Bettina Blümner: Ich glaube, dass es Saschas ganz persönliche Geschichte ist: Ein junges Mädchen auf der Suche nach sich selbst. Trotz ihrer tragischen Familienumstände ist das Ganze aber kein wirkliches Drama, sondern bringt auch viele lustige Momente und eine gewisse Leichtigkeit mit sich, was vor allem Saschas Art geschuldet ist. Auch darum geht es in "Scherbenpark": das Leben nicht als Drama zu begreifen.
AVIVA-Berlin: Hast du dich im Zuge der Recherche mit SpätaussiedlerInnen über ihre Situation unterhalten?
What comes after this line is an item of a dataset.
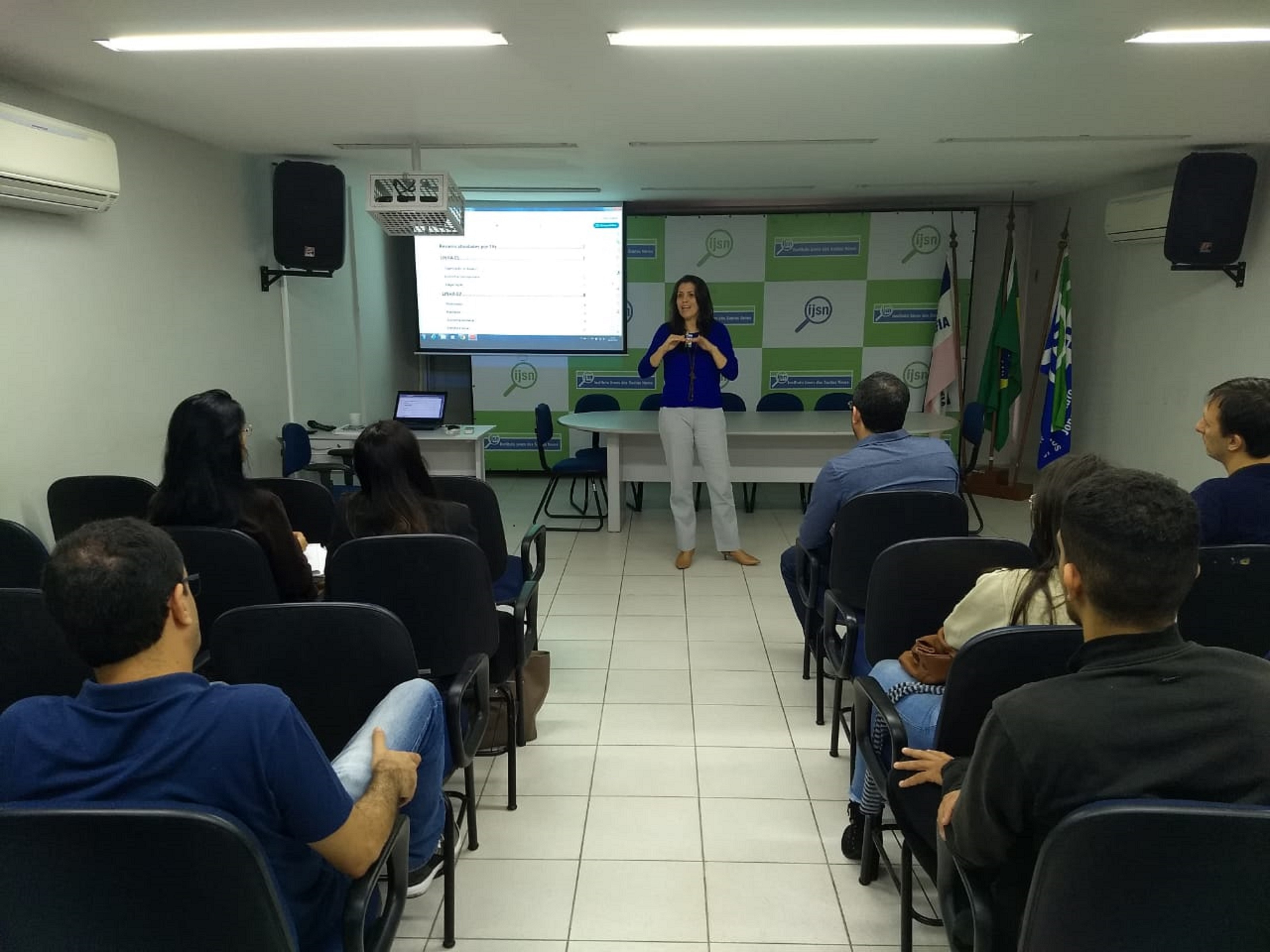 Reuniao_de_trabalho_do_Nucleo_Vitoria_do_Observatorio_das_Metropoles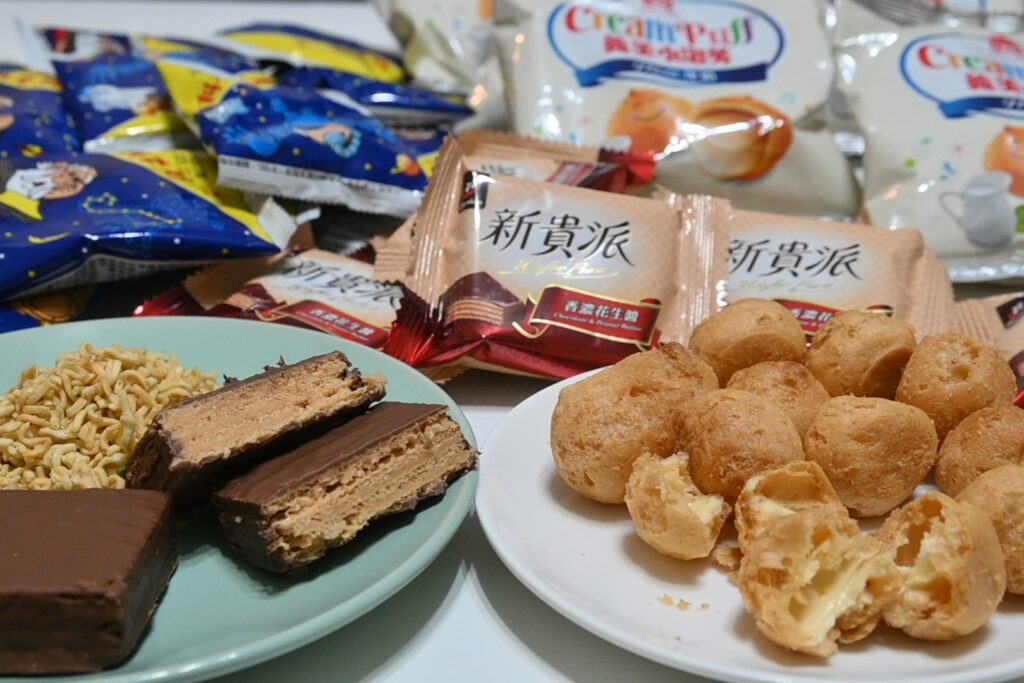 左奥から科学麺、新貴派、義美小泡芙（ＮＮＡ撮影）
Bettina Blümner: Ja, ich habe mich in Wedding und Marzahn mit paar Jugendlichen aus Jugendclubs getroffen. Die waren sehr nett und haben mich sogar zu sich nach Hause eingeladen. Man kann aber gar nicht wirklich sagen, was von diesen Erfahrungen im Film gelandet ist.
AVIVA-Berlin: Und wo werden wir dich demnächst sehen? Hinter der Kamera, im Theater oder auf Streifzug in den Scherbenparks und Prinzessinnenbädern des Landes?
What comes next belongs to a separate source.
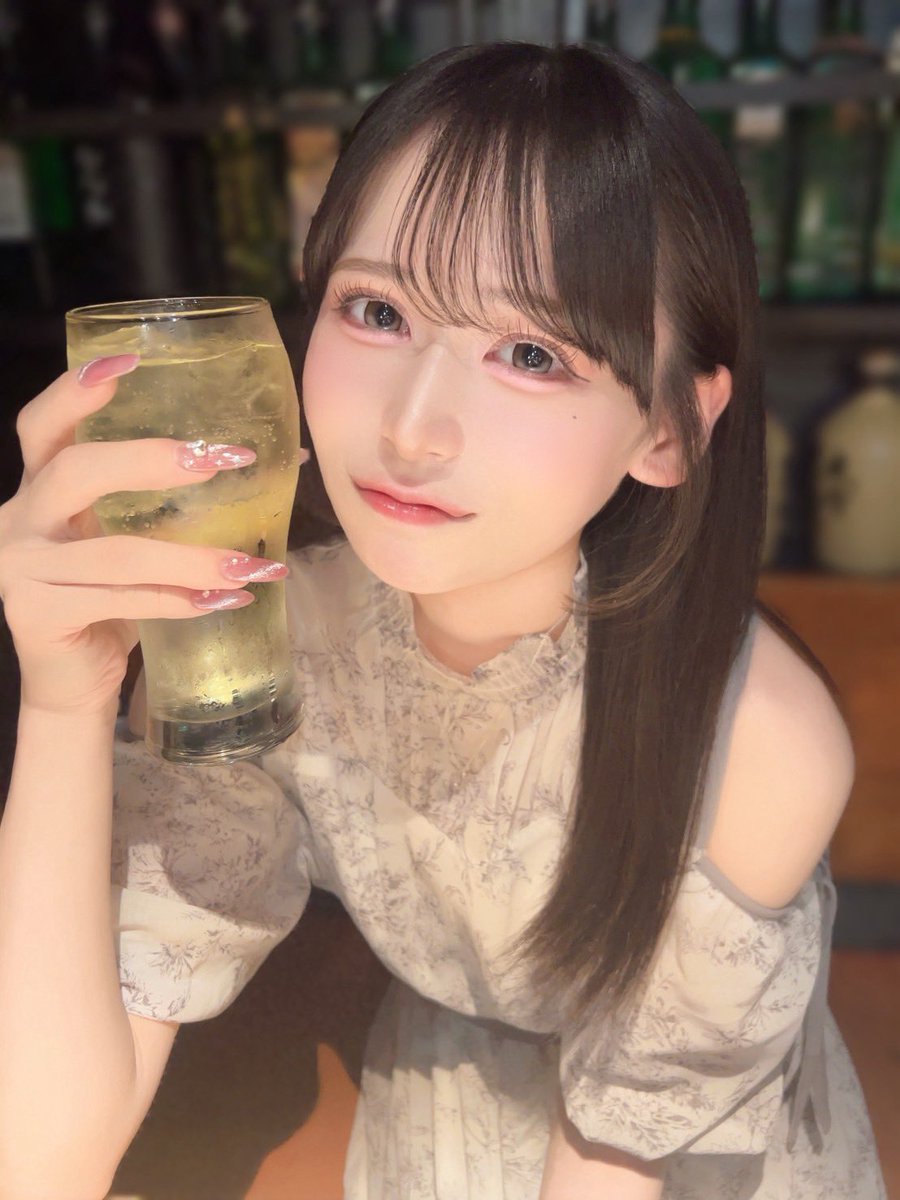 anthurium_nina's tweet photo. 一緒に飲みたくなった？♡ https://t.co/m5EPpXxvrl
Bettina Blümner: Ich beginne jetzt mit der Kinotour für "Scherbenpark", für die nächsten zwei Wochen fahre ich in alle möglichen Städte und stelle den Film vor. Danach ist Winterpause, ich bin jetzt erst einmal durch (lacht).
AVIVA-Berlin: Bettina Blümner, vielen Dank für das Gespräch!